Interleukin-10 (IL-10)

Schering-Plough

I/II

IL-10 has a number of inhibitory functions such as inhibiting interferon g production, antigen presentation, and the production by macrophages of the cytokines IL-1, IL-6 and TNFa.

UCSF MS Center

DEFINITIONS

Preclinical testing. A pharmaceutical company conducts laboratory and animal studies to show biological activity of the compound against the targeted disease, and the compound is evaluated for safety.

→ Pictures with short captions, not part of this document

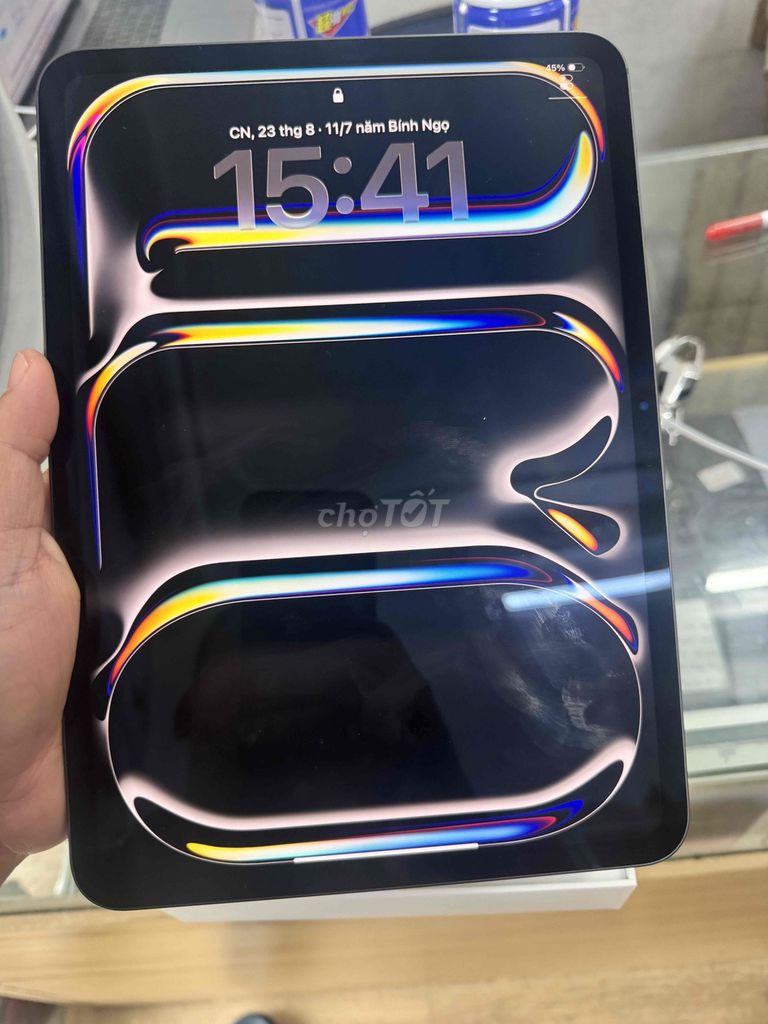 Apple iPad Pro M5 11 inch 256GB Wifi zin keng. Mua bán Máy tính bảng tại Quận Đống Đa Hà Nội được đăng bởi Lê Khuyến hình 1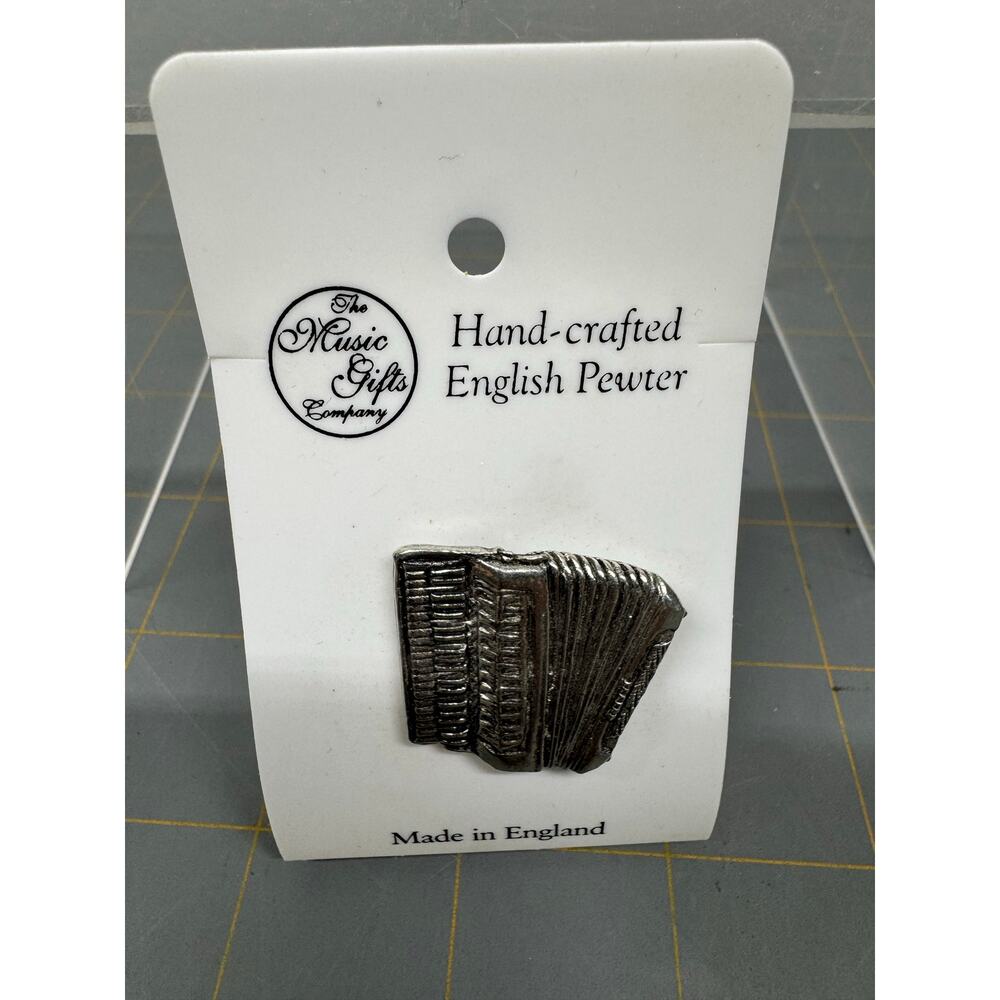 Hand-crafted English Pewter Music Collectable Badges Pin Accordion New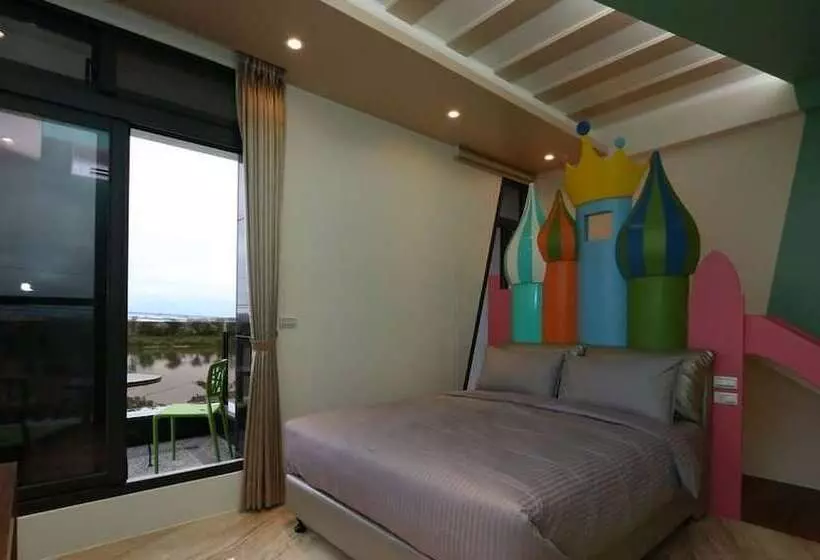 Li Chu Art Paternity B&b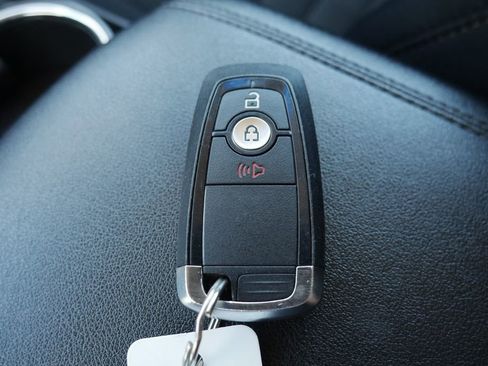 Used 2017 Ford Edge SEL AWD/4WD image 19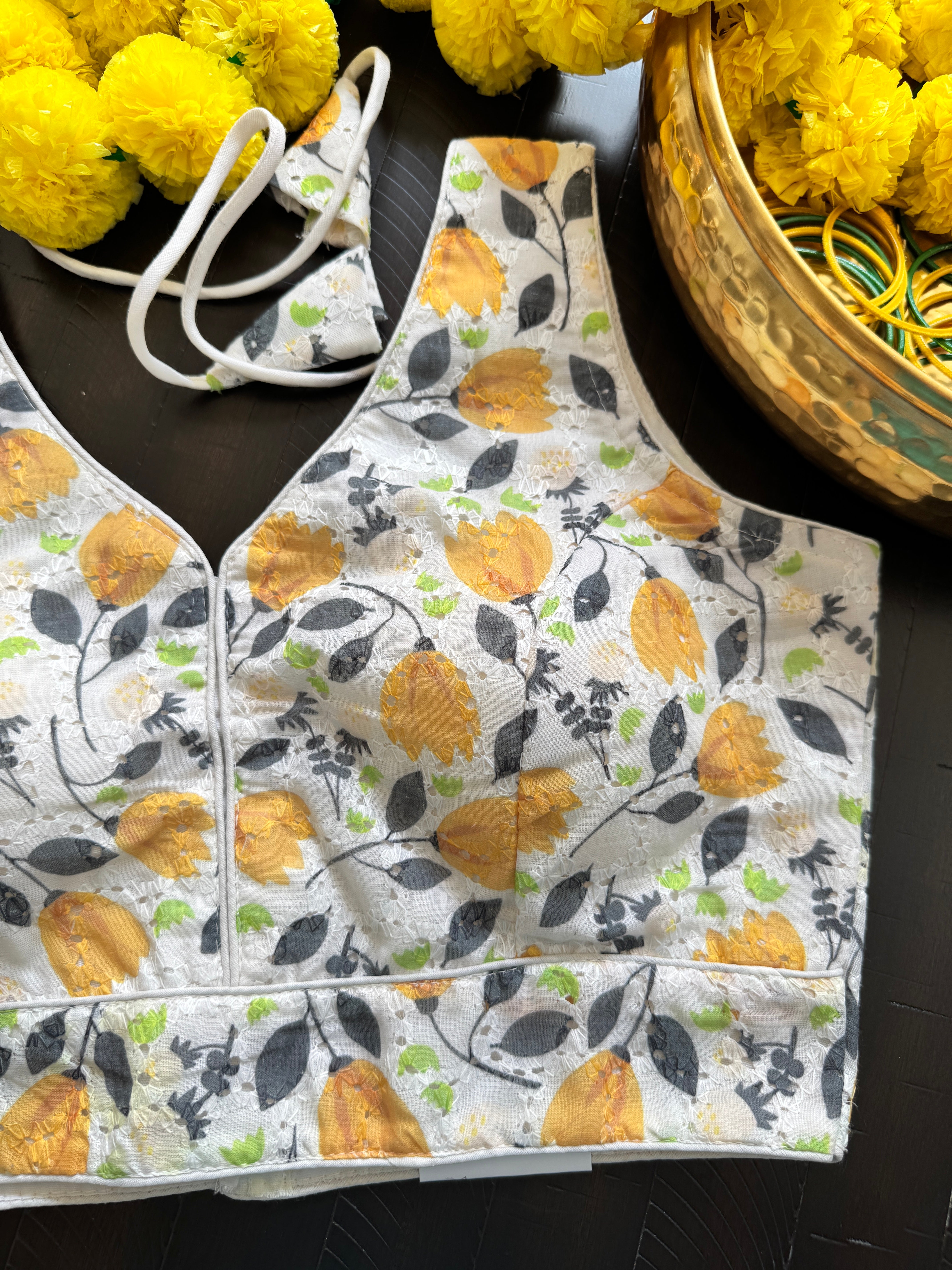 Readymade Padded Hakoba Cotton back hooks sleeveless blouse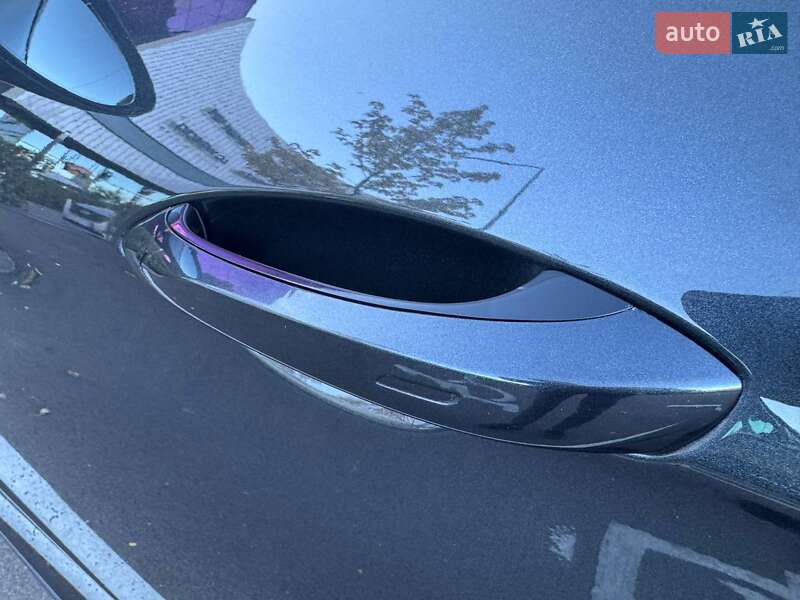 Фастбэк Porsche Panamera 2018 в Киеве фото 10 Фастбэк Porsche Panamera 2018 в Киеве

Phase I. Tests that involve about 20 to 80 normal, healthy volunteers. The tests study a drug's safety profile, including the safe dosage range. The studies also determine how a drug is absorbed, distributed, metabolized, and excreted as well as the duration of its action.

Phase II. Controlled trials of approximately 100 to 300 volunteer patients (people with the disease) assess a drug's effectiveness.

Phase III. Tests involving 1,000 to 3,000 patients in clinics and hospitals. Physicians monitor patients closely to confirm efficacy and identify adverse events.